Piquet de grève devant le siège de Camaïeu, à Roubaix jeudi.

Photo Aimée Thirion pour Libération

Depuis au moins dix ans, les ventes reculent selon l'Institut français de la mode. Délicat pour une enseigne comme Camaïeu, dont la stratégie commerciale repose principalement sur un grand réseau de magasins, souvent implantés dans les centres-villes où les loyers, eux, ne cessent d'augmenter. Les deux mois de fermeture des boutiques durant le confinement ont aggravé les difficultés économiques de l'entreprise qui affichait déjà un chiffre d'affaires en recul de 570 millions d'euros avant la crise sanitaire, la conduisant au redressement judiciaire. «Nous sommes une entreprise rentable en cessation de paiements. Et là, on va peut-être permettre à ceux qui nous ont mis en difficulté de refaire une dette ? Mon impression, c'est qu'ils ont voulu arriver au plan de sauvegarde de l'emploi pour pouvoir licencier et restructurer», analyse Eric, 49 ans. Il est certain que ses douze années d'ancienneté «ne pèseront pas lourd» dans la balance : sa femme travaille et il n'a plus qu'un seul enfant à charge, il s'attend donc à recevoir une lettre de licenciement dans quelques semaines. «Moi, j'ai des cervicales amochées à vie. J'ai failli perdre un œil à cause d'un défaut de sécurité sur une machine. On leur a donné des idées pour faire des économies… fulmine Cindy, 36 ans. Et maintenant, certains vont partir avec un coup de pied au cul et on va devoir dire merci.»
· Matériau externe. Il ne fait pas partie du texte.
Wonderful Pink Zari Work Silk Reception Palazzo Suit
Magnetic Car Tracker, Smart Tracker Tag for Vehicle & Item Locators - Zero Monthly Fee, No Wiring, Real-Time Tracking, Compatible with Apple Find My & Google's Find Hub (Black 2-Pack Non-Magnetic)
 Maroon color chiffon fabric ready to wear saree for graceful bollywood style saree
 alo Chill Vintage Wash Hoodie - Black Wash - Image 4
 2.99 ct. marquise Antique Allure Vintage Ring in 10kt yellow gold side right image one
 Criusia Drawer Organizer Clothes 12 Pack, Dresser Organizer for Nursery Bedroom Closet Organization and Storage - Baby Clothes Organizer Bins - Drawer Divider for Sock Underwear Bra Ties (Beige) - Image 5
«Il faudra tout reconstruire»

Deux ambulanciers déclenchent leur sirène en soutien aux grévistes installés à l'entrée du siège, la conductrice d'une citadine lâche un long coup de klaxon suivi par un chauffeur poids lourd encore plus bruyant. «Pour nous, les plus âgés, ce sera compliqué de retrouver un travail et pour les plus jeunes, il faudra tout reconstruire, s'inquiète Louisa, 55 ans, dont la moitié passée chez Camaïeu. Aujourd'hui, Louisa met des vêtements sur cintre et leur adjoint des étiquettes avant qu'ils ne partent dans les magasins, où il n'y a «plus qu'à ouvrir les cartons et mettre les articles en rayon».

Dans les boutiques du centre-ville de Lille, la deuxième semaine des soldes attire quelques clientes. «On continue notre travail mais c'est normal de montrer que nous ne sommes pas d'accord avec ce qu'il se passe», glisse une vendeuse derrière son masque. Certaines ont détourné l'imprimé d'un t-shirt de la marque pour y inscrire : «Save my job.» L'accès aux cabines d'essayage est fermé et des affiches alertent partout du sort de ces vendeuses aux petits salaires et aux nombreux contrats à temps partiel. «On ne pourra pas même pas aller travailler dans une autre boutique, poursuit la jeune femme. Quand les magasins vont fermer, c'est sûr on va juste se faire licencier.»